> Exercise
A picture should never appear in your copy. Transcribe the listing exactly from its first line through the line with "Preview: Happy Young", both ends included.

╔══

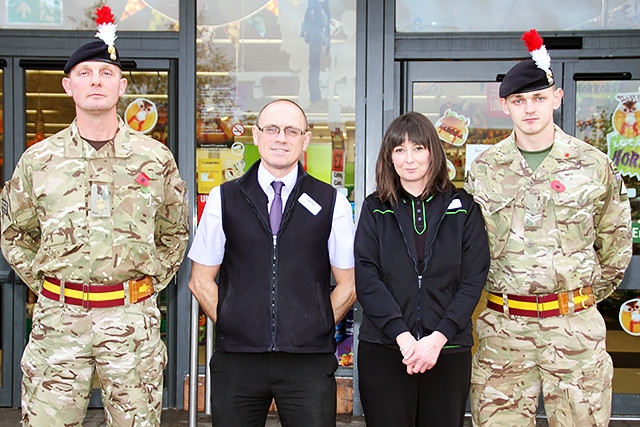 Jim Kenworthy, Damiam Hay store team manager, staff member Angie Coop and Cpl Sam Wilde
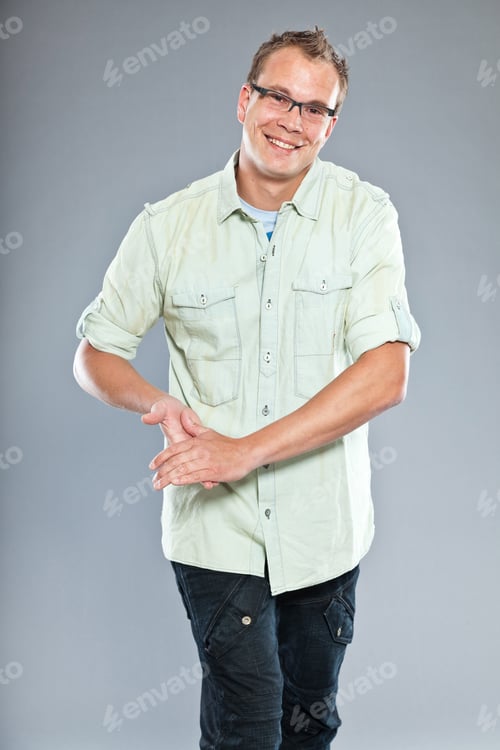Preview: Happy Young Man With Short Hair Wearing Light Green Shirt And Blue Jeans. Wearing Glasses. Sportive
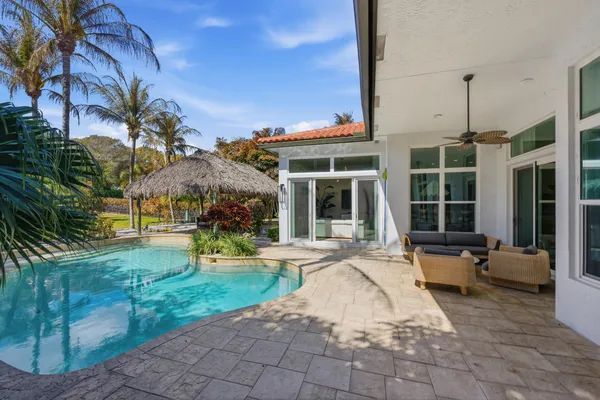 an aerial view of house with yard swimming pool and outdoor seating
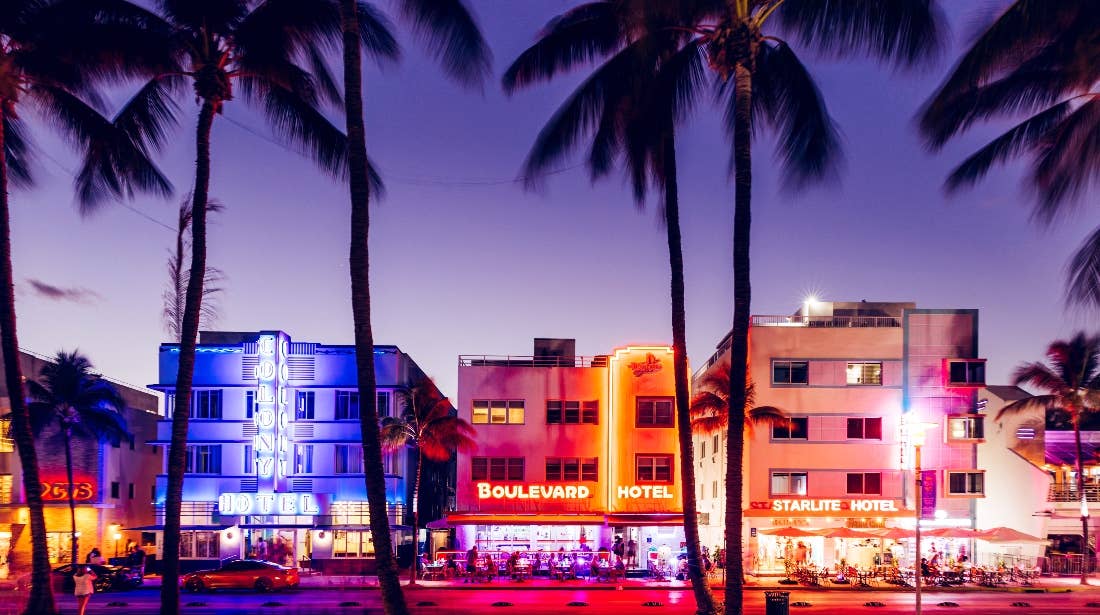 Neon lights glow over a Miami street at night, the real-world inspiration for GTA VI's Vice City
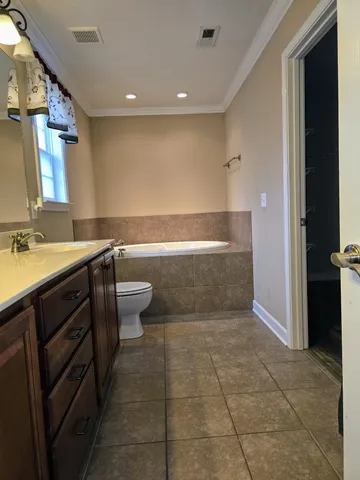 a view of a deck with couches and wooden floor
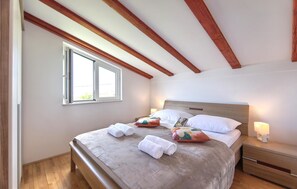 Ein Schlafzimmer mit Bett, Holzbalken, einem Fenster und einem Nachttisch mit Lampe.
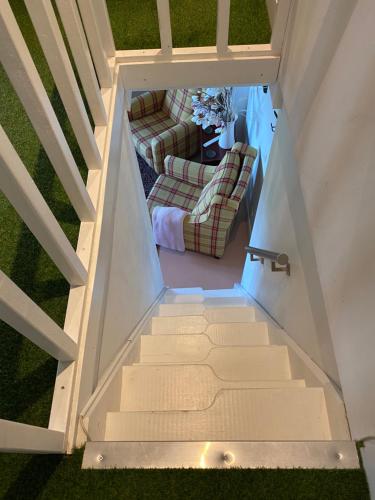 an overhead view of a staircase with a living room at Erve Het Roolvink Boerderij Appartementen 40-50 M2 in Enschede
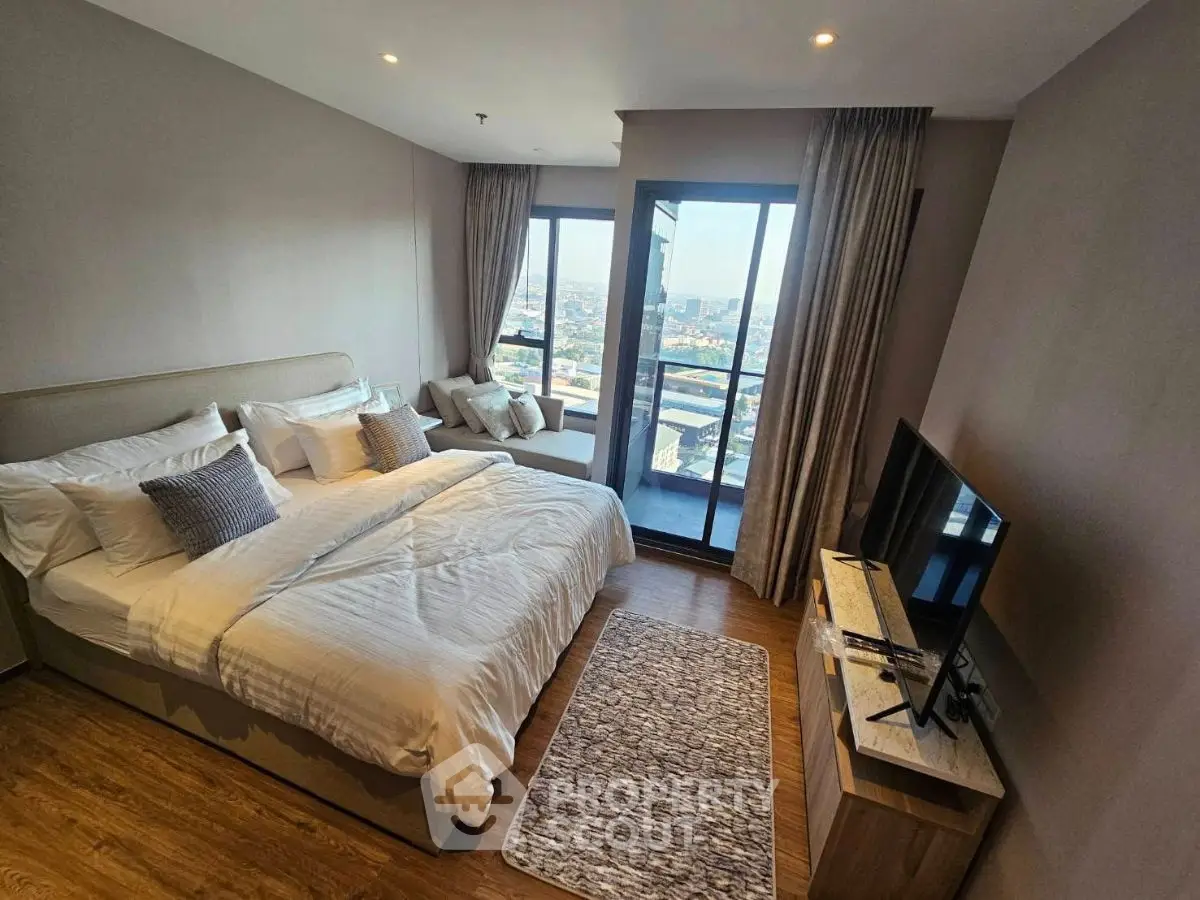 Luxurious bedroom with stunning city view and modern decor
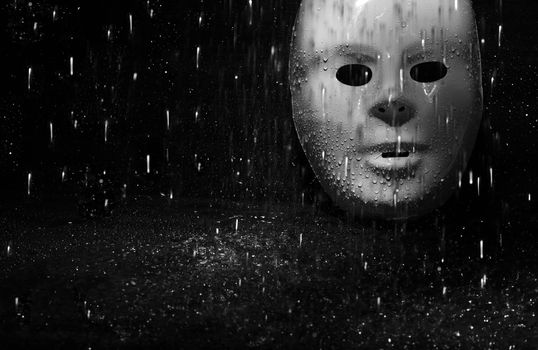 Plastic mask under the rain on a dark background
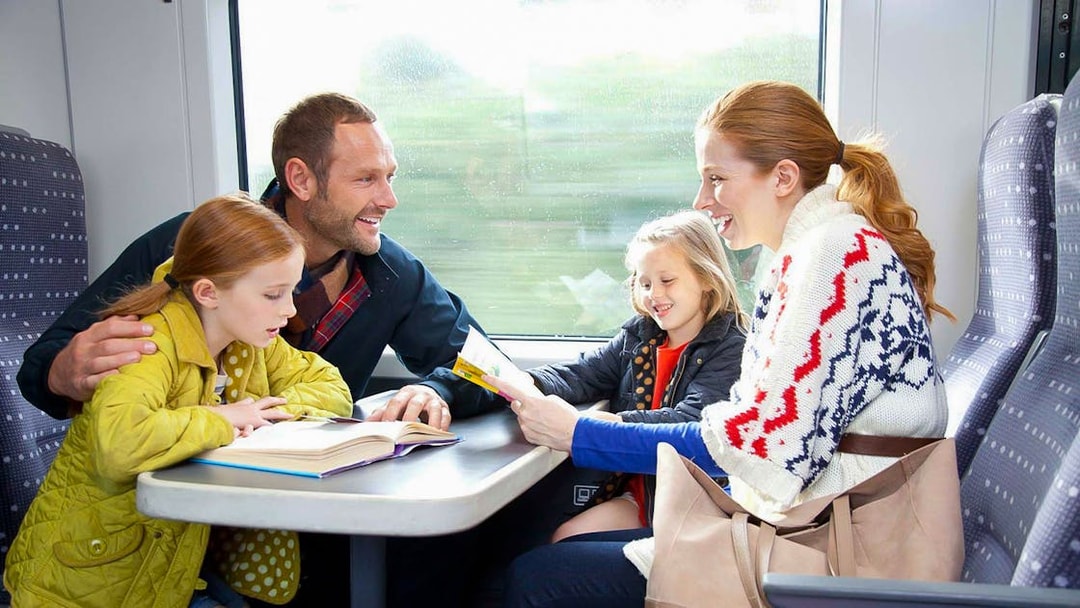 Family enjoying a train ride on Stansted Express from London Airport.
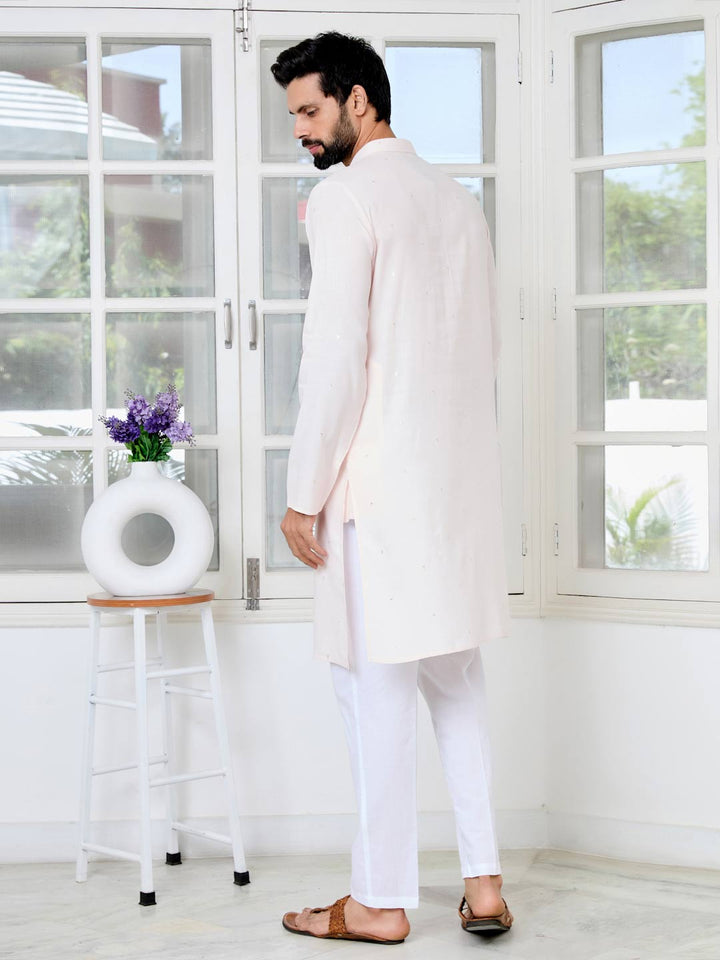 Light peach Sequins Embroidered Rayon Straight Kurta with Yoke Design Paired with Pyjama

╚══

> Solution to the problem
 Jim Kenworthy, Damiam Hay store team manager, staff member Angie Coop and Cpl Sam Wilde
Preview: Happy Young Man With Short Hair Wearing Light Green Shirt And Blue Jeans. Wearing Glasses. Sportive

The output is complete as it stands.